-- Dataset excerpt follows --
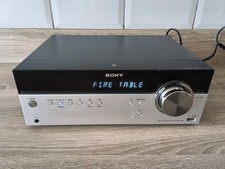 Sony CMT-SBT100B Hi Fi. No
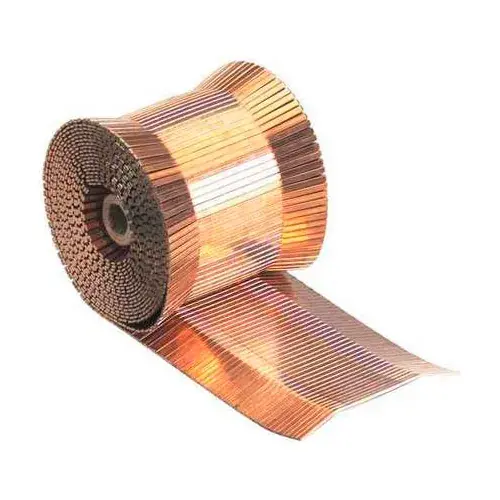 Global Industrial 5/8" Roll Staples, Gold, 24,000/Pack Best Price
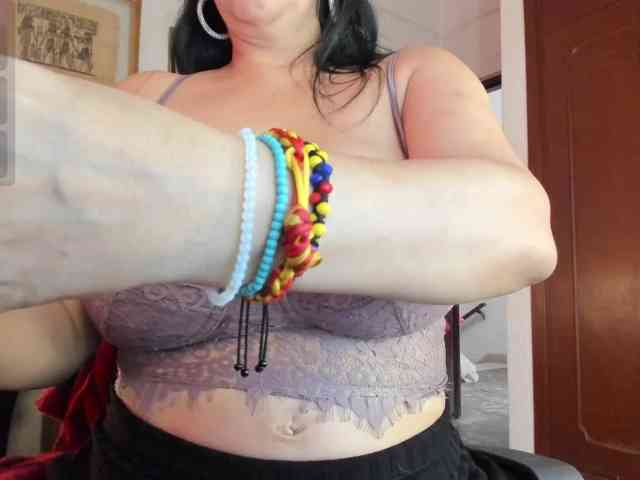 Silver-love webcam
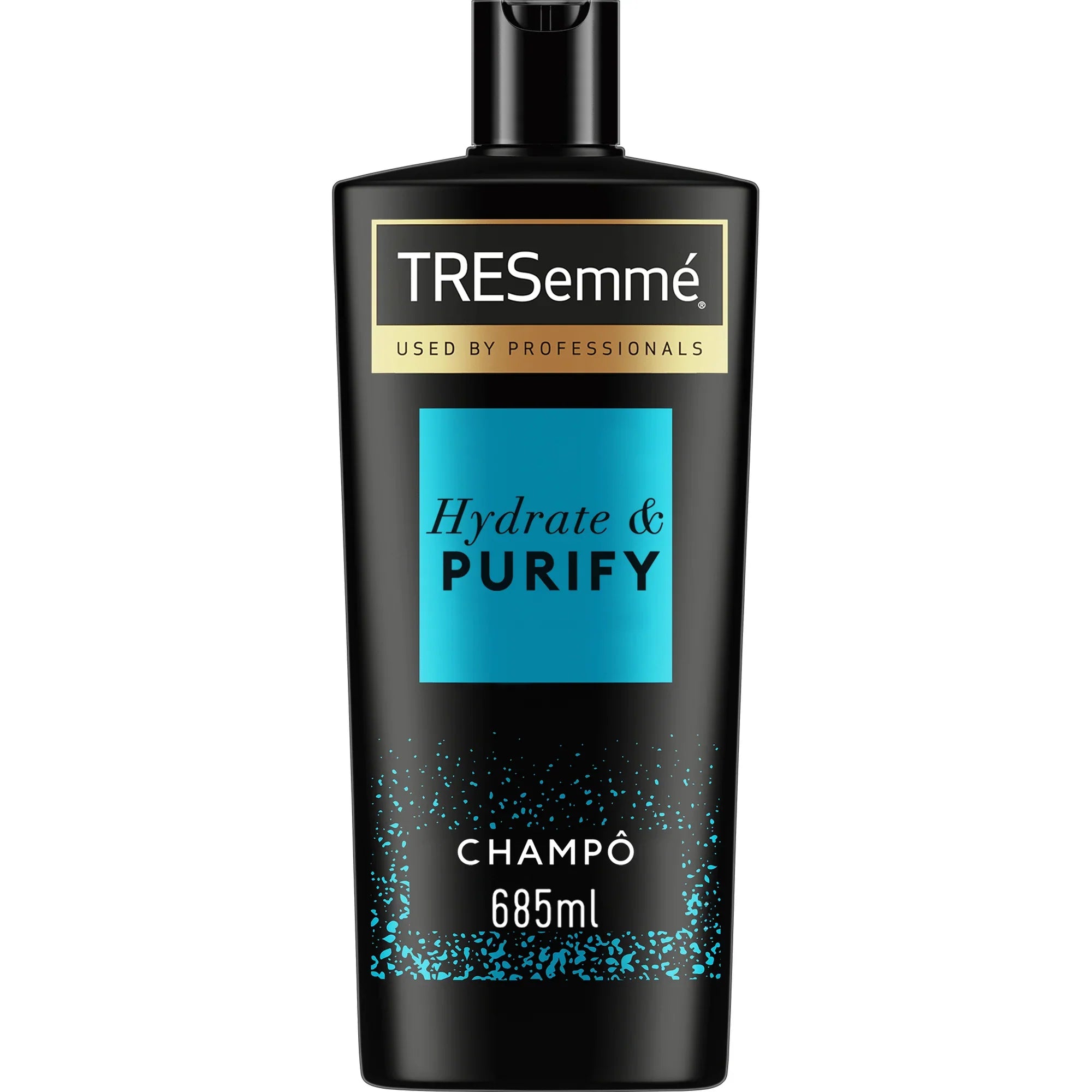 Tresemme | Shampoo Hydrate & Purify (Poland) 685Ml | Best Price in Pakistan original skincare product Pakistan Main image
-- Dataset excerpt concluded --
▶ _What you are asked to do_
If a picture falls within the span, leave it out, and reproduce exactly the lines from the one containing "Silver-love webcam" through the end of the material, and no others.

▶ _Finished exercise_
 Silver-love webcam
 Tresemme | Shampoo Hydrate & Purify (Poland) 685Ml | Best Price in Pakistan original skincare product Pakistan Main image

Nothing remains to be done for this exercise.